§ **Required work**:
Wherever pictures appear in the listing below, leave them out, and copy exactly, and only, everything from the line with "goed als nieuw" down to the line with "V-Neck One Piece".

§ **Source data**:
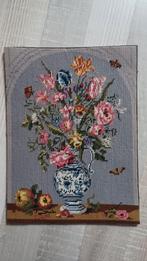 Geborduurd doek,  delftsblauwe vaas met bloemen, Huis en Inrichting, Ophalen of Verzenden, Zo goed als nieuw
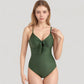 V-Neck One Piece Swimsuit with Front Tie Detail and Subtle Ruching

* * *

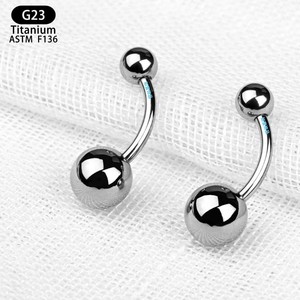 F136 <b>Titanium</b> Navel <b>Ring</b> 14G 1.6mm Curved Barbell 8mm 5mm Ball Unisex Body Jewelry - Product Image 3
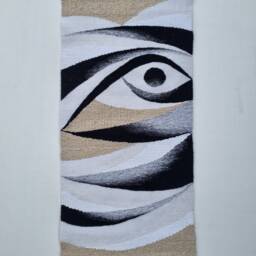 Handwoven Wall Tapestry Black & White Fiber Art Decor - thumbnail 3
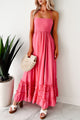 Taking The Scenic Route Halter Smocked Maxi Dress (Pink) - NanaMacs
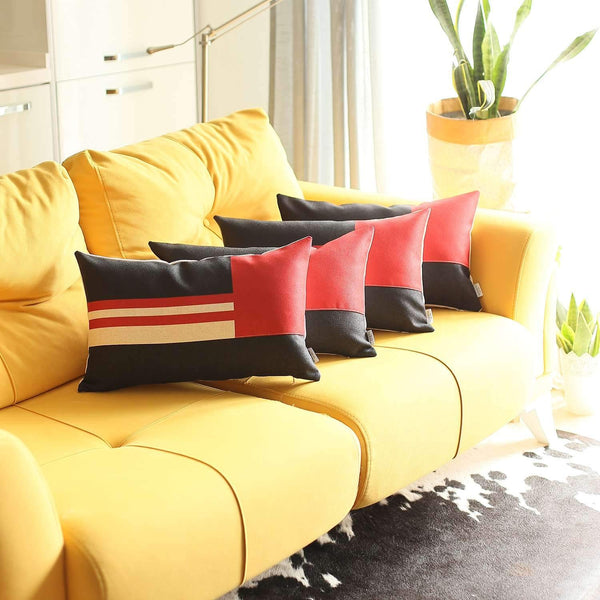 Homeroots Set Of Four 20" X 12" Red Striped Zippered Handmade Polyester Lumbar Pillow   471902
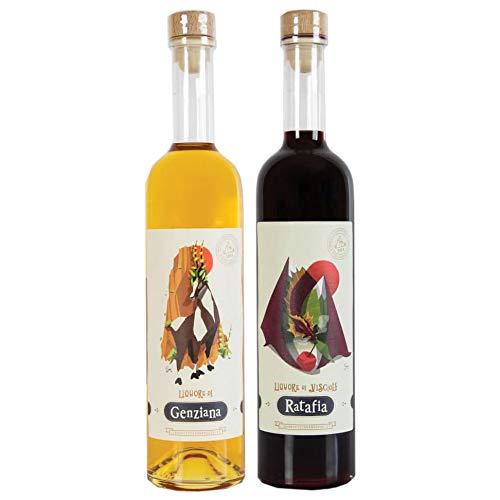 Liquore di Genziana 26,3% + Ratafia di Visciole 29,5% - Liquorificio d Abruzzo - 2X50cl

§ **Reply to the exercise**:
 Geborduurd doek,  delftsblauwe vaas met bloemen, Huis en Inrichting, Ophalen of Verzenden, Zo goed als nieuw
 V-Neck One Piece Swimsuit with Front Tie Detail and Subtle Ruching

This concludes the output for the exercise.